DATA FOR ANALYSIS
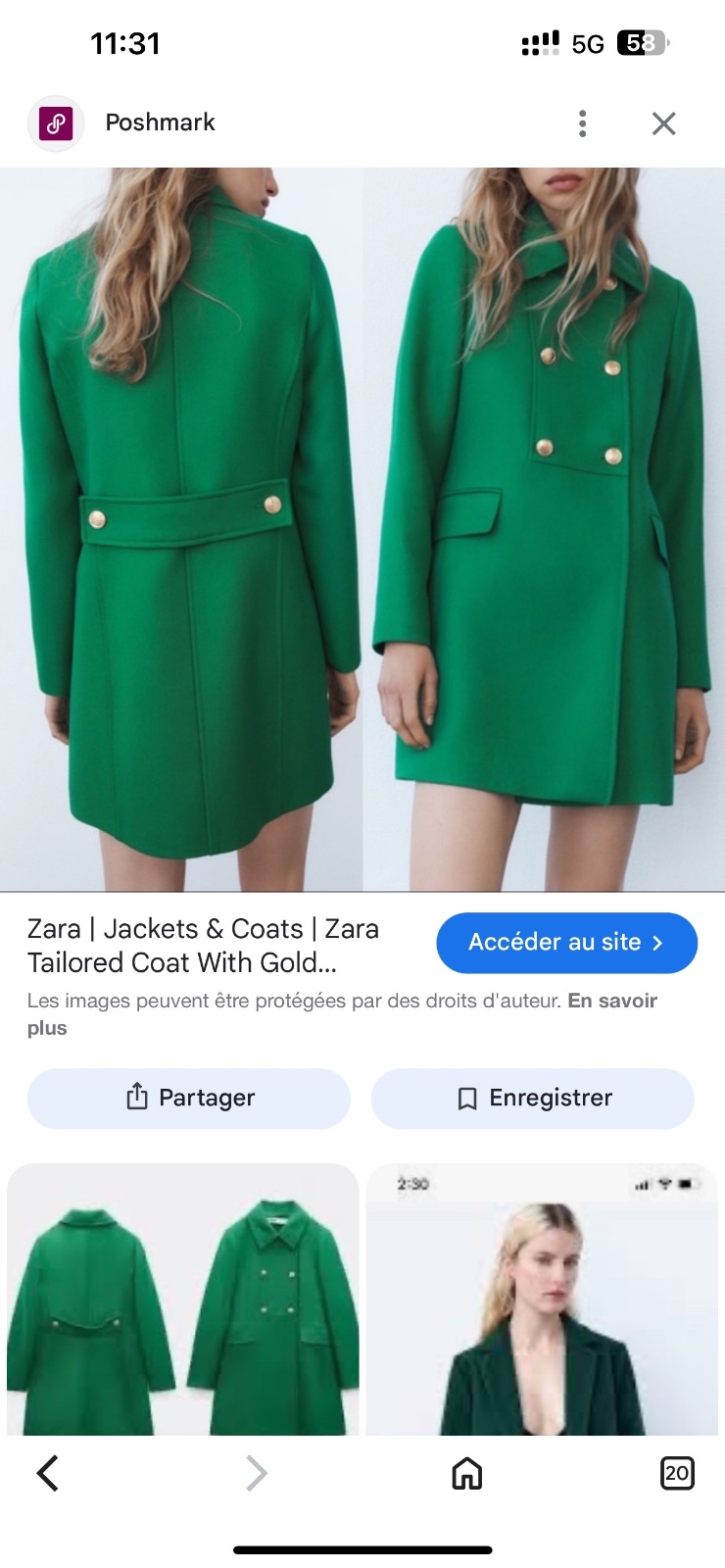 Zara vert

==

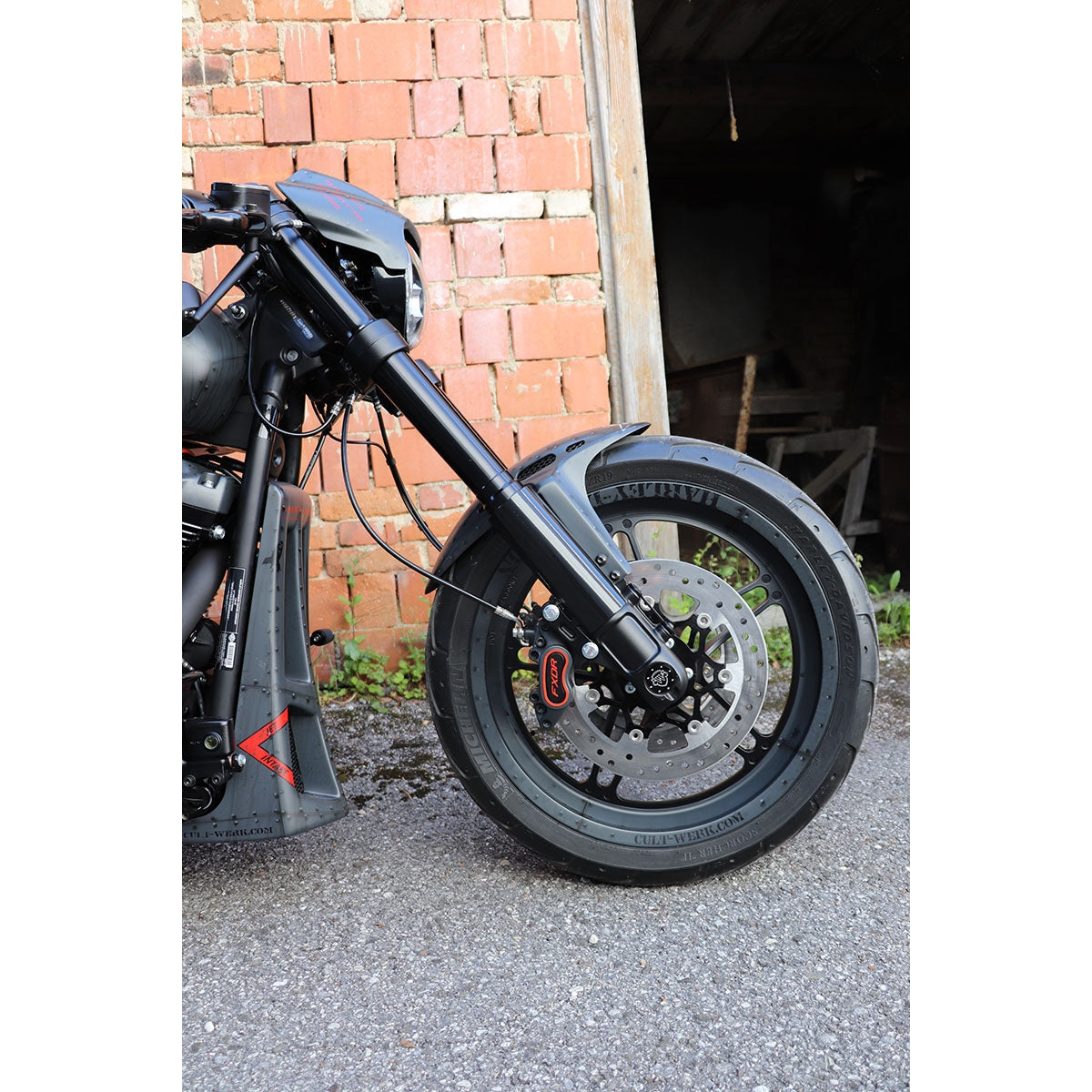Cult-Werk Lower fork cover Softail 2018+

--

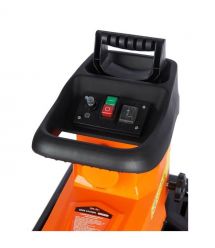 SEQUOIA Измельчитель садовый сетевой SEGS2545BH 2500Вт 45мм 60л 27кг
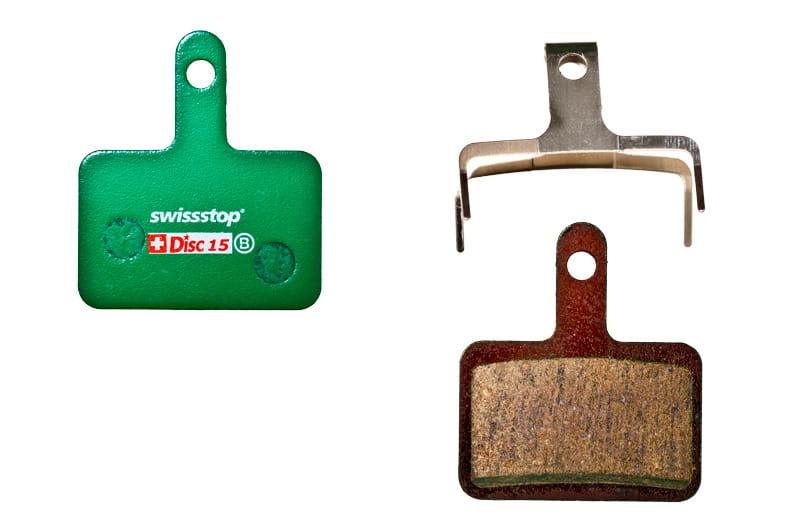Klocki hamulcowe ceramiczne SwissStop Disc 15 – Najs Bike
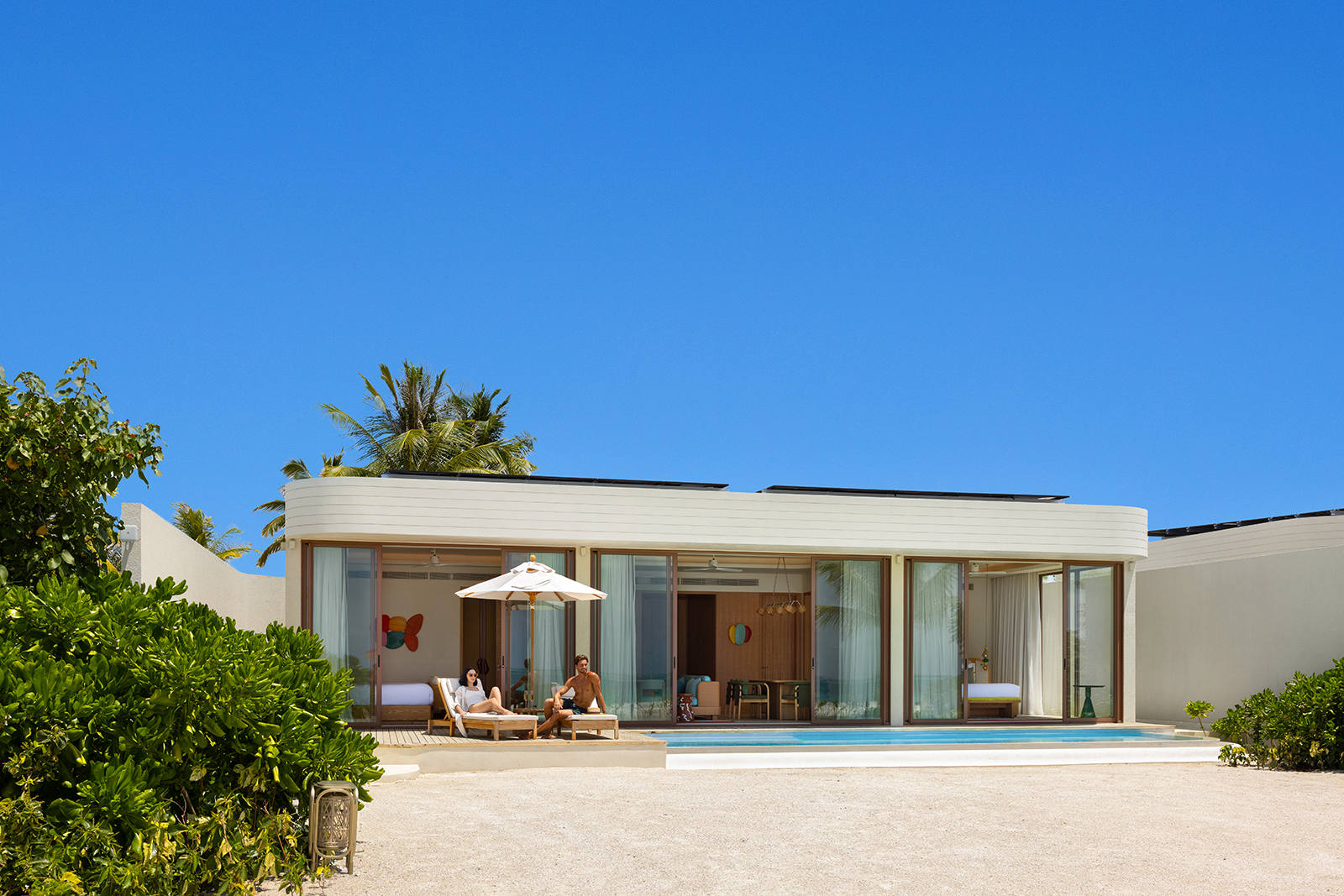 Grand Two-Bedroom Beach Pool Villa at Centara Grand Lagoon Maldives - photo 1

ABOUT THIS EXERCISE
Line for line, output the entries above from the line with "Klocki hamulcowe ceramiczne" to the line with "Grand Two-Bedroom Beach", both included, and nothing more. Skip pictures.

RESULT BELOW
Klocki hamulcowe ceramiczne SwissStop Disc 15 – Najs Bike
 Grand Two-Bedroom Beach Pool Villa at Centara Grand Lagoon Maldives - photo 1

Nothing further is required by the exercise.